Judge Won’t Reconsider Terror Watch List Case

     SAN FRANCISCO (CN) – A Malaysian woman who has spent years disputing her inclusion on various terror watch lists cannot rely on documents from 2013 to prove bad faith by the Justice Department, a federal judge ruled Saturday.
     Rahinah Ibrahim, a former Stanford grad student, successfully fought a mistake by an FBI agent that landed her on a terrorist database and the Transportation Security Administration’s no-fly list, and got her booted out of the United States in 2005.
     Earlier this year, U.S. District Judge William Alsup rebuked the government for its handling of Ibrahim’s case and ordered all agencies to remove her from their terror databases and watch lists. He did not, however, side with Ibrahim on her constitutional claims, including First Amendment, substantive due process and equal protection infringements.
     Ibrahim then asked Alsup to reconsider both his judgment and her request for $3.9 million in fees for her pro bono lawyers at McManis Faulkner. She filed a third request earlier this month based on documents posted to the Internet that allegedly prove that broken rules – and not a mistake by the FBI agent – landed Ibrahim on terror watch lists and kicked out of the United States.
     The Justice Department urged Alsup to deny Ibrahim’s request, citing – as it had so often during this case – national security. But in the end Alsup said the “March 2013 Watchlisting Guidelines” appeared on the government’s privilege list and so were available to Ibrahim before trial.
     “In this case, plaintiff’s counsel have not met their burden of proof as to reasonable diligence because the ‘March 2013 Watchlisting Guidance’ appeared on the government’s privilege log and plaintiff’s counsel never specifically moved to compel that document,” the eight-page ruling filed Saturday states. “This is not a case in which the government concealed that it was withholding under claim of privilege a document sought; rather, it did claim the privilege, identified it on a privilege log, and plaintiff’s counsel failed to move to compel that particular document.”
     While Ibrahim had argued that the document required authorities to apply a higher standard before nominating her to terror databases because she is considered a government official – as a professor at the University of Putra Malaysia – neither side proposed a finding of that fact during the trial, Alsup said.
     The judge also declined to reconsider her request for nearly $4 million in attorneys’ fees based on the DOJ’s “bad faith.”

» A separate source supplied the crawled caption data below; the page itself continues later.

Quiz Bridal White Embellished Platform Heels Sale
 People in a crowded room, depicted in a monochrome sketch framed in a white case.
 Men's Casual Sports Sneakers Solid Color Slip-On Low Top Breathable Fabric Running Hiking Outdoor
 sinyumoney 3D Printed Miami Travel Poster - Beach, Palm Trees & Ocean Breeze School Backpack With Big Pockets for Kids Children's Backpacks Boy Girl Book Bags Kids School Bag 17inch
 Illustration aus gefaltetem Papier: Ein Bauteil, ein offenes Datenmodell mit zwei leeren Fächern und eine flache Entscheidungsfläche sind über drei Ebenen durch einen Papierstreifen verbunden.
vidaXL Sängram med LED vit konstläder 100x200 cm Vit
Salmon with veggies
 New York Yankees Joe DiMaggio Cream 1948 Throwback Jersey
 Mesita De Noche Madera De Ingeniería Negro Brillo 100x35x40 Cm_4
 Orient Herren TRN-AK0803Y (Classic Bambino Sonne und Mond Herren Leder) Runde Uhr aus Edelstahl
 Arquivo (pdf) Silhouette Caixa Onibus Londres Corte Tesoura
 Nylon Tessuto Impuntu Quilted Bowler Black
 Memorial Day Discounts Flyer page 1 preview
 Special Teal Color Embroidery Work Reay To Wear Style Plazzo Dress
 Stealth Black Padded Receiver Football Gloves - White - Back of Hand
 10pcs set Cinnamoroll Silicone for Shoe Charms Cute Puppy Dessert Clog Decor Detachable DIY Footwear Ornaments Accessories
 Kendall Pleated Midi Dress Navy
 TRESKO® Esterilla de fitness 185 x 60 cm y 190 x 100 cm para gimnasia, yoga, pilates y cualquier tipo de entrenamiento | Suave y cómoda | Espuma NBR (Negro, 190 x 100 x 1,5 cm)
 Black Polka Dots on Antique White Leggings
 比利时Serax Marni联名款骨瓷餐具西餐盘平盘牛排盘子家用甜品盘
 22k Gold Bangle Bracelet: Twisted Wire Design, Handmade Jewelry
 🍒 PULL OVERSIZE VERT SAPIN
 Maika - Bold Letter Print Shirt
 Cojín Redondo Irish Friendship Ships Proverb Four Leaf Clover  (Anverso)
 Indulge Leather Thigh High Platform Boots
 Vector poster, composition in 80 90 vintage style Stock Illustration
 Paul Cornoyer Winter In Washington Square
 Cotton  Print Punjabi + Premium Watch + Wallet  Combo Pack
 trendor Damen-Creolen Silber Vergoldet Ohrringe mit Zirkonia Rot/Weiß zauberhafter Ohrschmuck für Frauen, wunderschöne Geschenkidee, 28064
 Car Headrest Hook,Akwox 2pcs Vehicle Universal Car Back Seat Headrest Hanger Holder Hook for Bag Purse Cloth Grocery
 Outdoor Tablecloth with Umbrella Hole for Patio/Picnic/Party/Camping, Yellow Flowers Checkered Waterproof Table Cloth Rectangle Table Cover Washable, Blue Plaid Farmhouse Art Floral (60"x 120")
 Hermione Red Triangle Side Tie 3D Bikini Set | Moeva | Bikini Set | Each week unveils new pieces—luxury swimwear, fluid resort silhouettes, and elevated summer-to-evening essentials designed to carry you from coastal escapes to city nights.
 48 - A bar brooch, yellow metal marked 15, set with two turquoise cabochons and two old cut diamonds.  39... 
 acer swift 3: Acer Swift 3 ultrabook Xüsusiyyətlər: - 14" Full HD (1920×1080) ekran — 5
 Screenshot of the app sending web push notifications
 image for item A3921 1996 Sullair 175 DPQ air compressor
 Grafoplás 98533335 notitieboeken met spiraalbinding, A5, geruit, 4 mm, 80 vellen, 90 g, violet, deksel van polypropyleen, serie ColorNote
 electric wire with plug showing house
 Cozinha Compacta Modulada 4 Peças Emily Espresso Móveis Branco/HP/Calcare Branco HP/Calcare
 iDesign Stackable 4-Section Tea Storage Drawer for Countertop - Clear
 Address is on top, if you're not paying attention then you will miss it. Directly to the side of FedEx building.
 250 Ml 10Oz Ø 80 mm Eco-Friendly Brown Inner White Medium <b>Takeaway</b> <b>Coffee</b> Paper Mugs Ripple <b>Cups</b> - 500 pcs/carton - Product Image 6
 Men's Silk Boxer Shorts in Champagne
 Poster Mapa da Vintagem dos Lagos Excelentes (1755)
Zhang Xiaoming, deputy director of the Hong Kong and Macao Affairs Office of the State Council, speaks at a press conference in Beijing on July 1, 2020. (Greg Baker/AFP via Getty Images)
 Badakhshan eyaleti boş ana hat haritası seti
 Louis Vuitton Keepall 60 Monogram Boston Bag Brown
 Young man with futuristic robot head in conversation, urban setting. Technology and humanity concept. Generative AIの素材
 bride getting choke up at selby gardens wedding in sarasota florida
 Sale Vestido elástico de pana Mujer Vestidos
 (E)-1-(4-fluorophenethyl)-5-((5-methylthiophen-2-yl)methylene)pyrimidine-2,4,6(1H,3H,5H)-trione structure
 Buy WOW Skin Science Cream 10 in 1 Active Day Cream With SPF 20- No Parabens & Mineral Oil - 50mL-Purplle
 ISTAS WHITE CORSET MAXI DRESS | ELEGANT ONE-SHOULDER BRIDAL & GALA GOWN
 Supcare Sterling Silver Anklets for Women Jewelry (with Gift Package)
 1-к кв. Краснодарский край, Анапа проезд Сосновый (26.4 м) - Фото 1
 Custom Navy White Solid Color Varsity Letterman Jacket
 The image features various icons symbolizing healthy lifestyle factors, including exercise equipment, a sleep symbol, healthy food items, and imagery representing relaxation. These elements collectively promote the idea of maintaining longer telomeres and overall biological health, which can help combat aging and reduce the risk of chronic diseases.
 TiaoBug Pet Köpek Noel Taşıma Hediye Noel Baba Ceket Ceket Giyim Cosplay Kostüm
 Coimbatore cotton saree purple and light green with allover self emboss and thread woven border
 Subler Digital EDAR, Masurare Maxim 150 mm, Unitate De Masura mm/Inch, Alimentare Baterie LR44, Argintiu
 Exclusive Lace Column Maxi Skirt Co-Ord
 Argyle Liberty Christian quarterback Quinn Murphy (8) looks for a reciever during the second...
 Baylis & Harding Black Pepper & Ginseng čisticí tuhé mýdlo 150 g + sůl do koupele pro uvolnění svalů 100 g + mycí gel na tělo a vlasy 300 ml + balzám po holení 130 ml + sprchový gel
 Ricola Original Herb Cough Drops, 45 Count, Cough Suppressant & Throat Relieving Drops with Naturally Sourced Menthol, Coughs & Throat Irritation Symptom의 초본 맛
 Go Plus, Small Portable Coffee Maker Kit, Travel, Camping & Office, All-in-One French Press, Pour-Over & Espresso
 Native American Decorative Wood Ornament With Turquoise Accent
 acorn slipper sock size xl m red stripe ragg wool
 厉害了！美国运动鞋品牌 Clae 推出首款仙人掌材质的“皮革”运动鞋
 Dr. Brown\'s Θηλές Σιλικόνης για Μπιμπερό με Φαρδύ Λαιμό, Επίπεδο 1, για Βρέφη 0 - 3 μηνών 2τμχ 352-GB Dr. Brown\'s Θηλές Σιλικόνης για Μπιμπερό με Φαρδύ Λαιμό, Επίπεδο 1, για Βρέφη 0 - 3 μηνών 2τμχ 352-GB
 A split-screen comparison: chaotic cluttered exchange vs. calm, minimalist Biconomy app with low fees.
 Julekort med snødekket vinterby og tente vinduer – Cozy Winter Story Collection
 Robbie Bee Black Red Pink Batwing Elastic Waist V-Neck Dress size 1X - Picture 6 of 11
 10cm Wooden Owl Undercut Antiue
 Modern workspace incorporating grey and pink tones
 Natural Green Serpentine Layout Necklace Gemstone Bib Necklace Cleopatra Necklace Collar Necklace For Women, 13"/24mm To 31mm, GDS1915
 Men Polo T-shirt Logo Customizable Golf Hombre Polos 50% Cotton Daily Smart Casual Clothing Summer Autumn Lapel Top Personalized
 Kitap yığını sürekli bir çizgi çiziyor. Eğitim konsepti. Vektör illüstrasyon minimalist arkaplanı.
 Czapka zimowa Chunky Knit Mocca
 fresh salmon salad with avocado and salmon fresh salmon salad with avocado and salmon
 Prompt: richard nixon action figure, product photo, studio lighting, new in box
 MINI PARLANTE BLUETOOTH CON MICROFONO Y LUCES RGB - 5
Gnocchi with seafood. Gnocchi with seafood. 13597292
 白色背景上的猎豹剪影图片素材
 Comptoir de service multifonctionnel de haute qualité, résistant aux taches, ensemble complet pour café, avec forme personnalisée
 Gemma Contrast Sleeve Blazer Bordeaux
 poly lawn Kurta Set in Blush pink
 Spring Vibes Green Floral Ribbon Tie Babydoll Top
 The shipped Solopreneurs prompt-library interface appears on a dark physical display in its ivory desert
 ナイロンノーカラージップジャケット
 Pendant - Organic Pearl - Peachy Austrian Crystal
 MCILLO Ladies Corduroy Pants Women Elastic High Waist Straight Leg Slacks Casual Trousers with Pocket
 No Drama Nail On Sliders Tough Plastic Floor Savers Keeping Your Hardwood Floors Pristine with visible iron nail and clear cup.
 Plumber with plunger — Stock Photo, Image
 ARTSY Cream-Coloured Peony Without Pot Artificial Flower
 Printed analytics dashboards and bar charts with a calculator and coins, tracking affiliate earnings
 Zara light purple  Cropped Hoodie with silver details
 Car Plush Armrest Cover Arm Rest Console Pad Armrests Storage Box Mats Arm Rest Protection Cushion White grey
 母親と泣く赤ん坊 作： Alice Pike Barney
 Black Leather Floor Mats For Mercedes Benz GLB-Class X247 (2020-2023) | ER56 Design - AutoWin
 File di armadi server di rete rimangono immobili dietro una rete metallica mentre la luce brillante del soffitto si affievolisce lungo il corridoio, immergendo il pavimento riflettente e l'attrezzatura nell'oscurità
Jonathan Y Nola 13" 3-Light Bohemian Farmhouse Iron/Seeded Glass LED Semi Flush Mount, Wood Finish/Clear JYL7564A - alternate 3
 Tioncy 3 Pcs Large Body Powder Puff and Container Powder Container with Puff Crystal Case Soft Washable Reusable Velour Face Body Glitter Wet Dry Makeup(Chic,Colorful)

     “Counsel for plaintiff’s final argument is that the attorney’s fees, expenses, and costs orders should be reconsidered because the defendants refused to produce the Watchlisting Guidance and the testimony of the government agents evidenced bad faith. Not so,” Alsup wrote. “None of this rises to the level of ‘bad faith’ warranting ‘a full fee based on counsel’s actual rates,’ especially since plaintiff’s counsel never specifically moved to compel the ‘March 2013 Watchlisting Guidance’ on the government’s privilege log during discovery. This order, for the third time, denies leave to seek reconsideration of the fees-and-expenses orders.”
     The issue of McManis Faulkner’s fees is being hashed out before a special master, ordered by Alsup after he called the bill for the eight-year case “grossly broad even to the point of seeking double recovery.”